» **DIRECTIONS**
Give every line of the records exactly, please, from the first up to and including the one containing "a logo for a".

:: RECORDS FOR THE EXERCISE ::

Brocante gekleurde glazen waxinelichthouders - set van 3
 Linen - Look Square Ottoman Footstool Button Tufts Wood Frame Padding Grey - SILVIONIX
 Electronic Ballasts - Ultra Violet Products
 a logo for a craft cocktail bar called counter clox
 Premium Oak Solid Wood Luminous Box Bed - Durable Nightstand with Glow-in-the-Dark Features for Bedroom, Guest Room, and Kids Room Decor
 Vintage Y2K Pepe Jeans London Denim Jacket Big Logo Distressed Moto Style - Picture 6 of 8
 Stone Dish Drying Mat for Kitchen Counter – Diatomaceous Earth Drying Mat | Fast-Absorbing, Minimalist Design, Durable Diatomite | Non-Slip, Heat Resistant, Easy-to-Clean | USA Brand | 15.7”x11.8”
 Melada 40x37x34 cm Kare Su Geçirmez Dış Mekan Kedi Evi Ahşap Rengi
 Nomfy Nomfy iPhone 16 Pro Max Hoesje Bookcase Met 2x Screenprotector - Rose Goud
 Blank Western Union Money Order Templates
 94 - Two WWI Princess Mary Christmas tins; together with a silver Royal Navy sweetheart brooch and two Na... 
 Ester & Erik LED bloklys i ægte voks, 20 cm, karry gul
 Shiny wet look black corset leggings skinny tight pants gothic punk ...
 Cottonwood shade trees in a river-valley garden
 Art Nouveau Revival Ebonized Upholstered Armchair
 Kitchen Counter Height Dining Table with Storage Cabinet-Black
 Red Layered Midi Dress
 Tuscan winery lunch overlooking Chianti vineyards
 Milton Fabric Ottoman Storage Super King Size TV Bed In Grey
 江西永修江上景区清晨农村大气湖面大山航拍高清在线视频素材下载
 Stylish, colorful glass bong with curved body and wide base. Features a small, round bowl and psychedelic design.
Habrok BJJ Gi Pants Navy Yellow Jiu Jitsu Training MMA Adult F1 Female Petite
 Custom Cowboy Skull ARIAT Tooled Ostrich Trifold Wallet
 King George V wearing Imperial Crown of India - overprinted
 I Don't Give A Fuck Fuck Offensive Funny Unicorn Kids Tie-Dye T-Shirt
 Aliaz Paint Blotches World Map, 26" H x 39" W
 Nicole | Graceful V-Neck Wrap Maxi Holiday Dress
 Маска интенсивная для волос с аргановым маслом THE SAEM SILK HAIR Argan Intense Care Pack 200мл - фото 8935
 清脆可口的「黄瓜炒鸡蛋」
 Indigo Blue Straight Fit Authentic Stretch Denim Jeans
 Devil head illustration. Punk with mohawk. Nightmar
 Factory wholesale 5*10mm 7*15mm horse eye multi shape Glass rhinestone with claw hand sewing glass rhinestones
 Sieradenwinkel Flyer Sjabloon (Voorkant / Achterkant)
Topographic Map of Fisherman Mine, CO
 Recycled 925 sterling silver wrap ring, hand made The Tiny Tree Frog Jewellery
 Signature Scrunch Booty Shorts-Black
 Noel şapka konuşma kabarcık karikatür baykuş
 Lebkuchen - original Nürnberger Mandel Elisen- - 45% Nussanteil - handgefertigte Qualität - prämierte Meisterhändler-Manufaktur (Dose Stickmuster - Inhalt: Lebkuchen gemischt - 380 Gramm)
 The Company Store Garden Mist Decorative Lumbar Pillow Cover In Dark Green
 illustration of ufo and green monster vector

:::

» **EXPECTED ANSWER**
Brocante gekleurde glazen waxinelichthouders - set van 3
 Linen - Look Square Ottoman Footstool Button Tufts Wood Frame Padding Grey - SILVIONIX
 Electronic Ballasts - Ultra Violet Products
 a logo for a craft cocktail bar called counter clox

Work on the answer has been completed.